The certification process also tests teachers on their abilities to infer meaning of unfamiliar words or phrases students use while learning the language. They are able to point out the mistakes, correct the students’ responses, and show these students how to use the words or phrases in other contexts.

Because language varies in geographic and social ways, teachers should understand the minor differences of a language in a culture. For example, Spanish spoken in Mexico has differences from Spanish spoken in peninsular Spain. Spanish language teachers must note this.

Featured Programs:
Sponsored School(s)

To understand these and other cultural differences, foreign language teachers also teach their students about the history and lifestyles of their target languages.

Understanding foreign culture

In addition to their roles helping students learn new languages, foreign language teachers are experts about life in foreign countries.

To pass certification standards, potential teachers must understand the foods, books, laws, rites of passage, values, and attitudes of the populations of foreign countries. Cultural understanding of a country helps teachers to expand their students’ ideas of the world.

Foreign language teachers must display knowledge of daily life in target cultures, comparing them with the culture of the United States, including current events, history, traditions, literature, performing and visual arts, intellectual movements, beliefs and values, and geography.

Comparing another culture to the culture of the students, pointing out similarities and differences, teachers encourage understanding of the two cultures. The certification process shows that teachers understand these differences and similarities, in addition to having the ability to teach them.

The certification process tests teachers on their abilities to integrate culture into language instruction, immersing their students in the country from the classroom. Because of this, potential teachers must keep up with current cultural developments, and should participate in workshops and read recent literature from the country.

Becoming certified in a foreign language

Potential teachers who wish to become certified as foreign language teachers must demonstrate a complete understanding of their target languages. This moves past simple phonics and world construction, and examines the culture behind the language.

Understanding foreign languages is more important today than ever before for students who wish to expand their future career options. If you’re interested in helping these students access new opportunities, check your state’s teaching certification requirements.

Effective foreign language learning methods

For students introduced to an entirely new language, the process of developing the skills necessary to fluently speak a second language sometimes seems daunting.

In “Learning Strategies in Foreign Language Instruction,” published in The Foreign Language Annals, researchers investigated the strategies used by high school language learners.
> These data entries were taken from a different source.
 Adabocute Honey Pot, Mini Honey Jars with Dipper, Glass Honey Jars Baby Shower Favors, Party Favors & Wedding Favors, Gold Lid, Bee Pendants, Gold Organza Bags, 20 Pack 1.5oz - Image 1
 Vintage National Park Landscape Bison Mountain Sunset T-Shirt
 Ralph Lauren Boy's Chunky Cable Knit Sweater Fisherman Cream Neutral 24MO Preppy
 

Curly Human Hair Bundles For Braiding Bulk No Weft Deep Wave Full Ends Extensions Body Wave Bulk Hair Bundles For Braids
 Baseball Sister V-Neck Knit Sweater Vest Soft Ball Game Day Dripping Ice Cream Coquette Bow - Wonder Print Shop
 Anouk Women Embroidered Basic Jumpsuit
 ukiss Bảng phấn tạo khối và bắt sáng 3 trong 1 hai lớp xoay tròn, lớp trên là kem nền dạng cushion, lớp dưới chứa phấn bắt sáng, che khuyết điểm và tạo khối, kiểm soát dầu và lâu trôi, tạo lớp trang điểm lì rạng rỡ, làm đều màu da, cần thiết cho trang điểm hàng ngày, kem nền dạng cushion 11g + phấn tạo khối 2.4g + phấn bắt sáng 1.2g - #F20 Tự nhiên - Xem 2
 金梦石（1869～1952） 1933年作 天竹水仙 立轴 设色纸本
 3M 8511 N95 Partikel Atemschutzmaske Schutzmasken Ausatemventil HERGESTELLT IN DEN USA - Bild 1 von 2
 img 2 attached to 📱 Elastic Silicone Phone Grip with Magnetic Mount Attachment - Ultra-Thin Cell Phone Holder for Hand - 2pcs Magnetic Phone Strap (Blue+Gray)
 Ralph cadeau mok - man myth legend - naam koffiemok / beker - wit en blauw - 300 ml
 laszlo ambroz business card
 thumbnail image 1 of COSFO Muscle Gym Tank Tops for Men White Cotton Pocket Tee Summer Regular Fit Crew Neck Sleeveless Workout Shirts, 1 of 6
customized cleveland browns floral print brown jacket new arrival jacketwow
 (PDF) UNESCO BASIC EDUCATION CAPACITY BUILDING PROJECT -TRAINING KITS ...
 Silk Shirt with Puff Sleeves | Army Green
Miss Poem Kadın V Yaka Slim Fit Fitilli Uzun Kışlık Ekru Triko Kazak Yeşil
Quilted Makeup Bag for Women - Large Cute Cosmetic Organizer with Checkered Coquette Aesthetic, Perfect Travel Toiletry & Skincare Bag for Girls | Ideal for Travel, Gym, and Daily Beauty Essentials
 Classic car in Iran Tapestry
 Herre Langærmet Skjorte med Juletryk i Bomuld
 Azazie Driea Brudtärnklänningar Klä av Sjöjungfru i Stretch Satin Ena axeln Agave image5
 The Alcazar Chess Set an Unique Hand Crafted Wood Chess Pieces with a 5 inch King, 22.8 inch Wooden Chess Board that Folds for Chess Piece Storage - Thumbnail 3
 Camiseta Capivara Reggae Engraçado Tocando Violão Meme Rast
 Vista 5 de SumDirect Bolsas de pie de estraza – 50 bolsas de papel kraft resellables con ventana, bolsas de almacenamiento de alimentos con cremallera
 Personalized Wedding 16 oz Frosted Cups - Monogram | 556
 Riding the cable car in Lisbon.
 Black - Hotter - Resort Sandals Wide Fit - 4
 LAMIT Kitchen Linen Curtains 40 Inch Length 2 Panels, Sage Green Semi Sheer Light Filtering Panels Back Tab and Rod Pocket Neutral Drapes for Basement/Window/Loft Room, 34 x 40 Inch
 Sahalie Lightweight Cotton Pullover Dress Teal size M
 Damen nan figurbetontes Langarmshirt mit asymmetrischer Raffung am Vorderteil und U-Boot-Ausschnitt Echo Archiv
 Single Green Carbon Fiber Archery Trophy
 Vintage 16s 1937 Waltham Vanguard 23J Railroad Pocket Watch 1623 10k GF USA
In the article, authors Anna U. Chamot and Lisa Kupper examined a high school Spanish class’s exceptional students to look at effective learning strategies.

Chamot and Kupper found that students either employed “metacognitive,” “cognitive,” or “social and affective” strategies when learning Spanish.

Metacognitive strategies take place when students are aware of their own thinking and learning, and plan, monitor, and evaluate their own learning. These strategies typically include inference, where students use context clues in the language to decipher difficult sentences.

Cognitive strategies include vocabulary learning exercises, completing exercises, and working toward task completion. At this stage, students typically have a good hold on the basics of language, and are moving toward metacognitive strategies.

When students mostly interact with the teacher and are confused by solo assignments, they are still using social and affective strategies. These students are typically beginning language learners and still rely on techniques of repetition and translating to memorize new words and phrases.

By pushing students toward metacognitive strategies, teachers ensure their students become effective language learners. Without teachers who understand these learning strategies, students will only encounter more barriers to foreign language acquisition.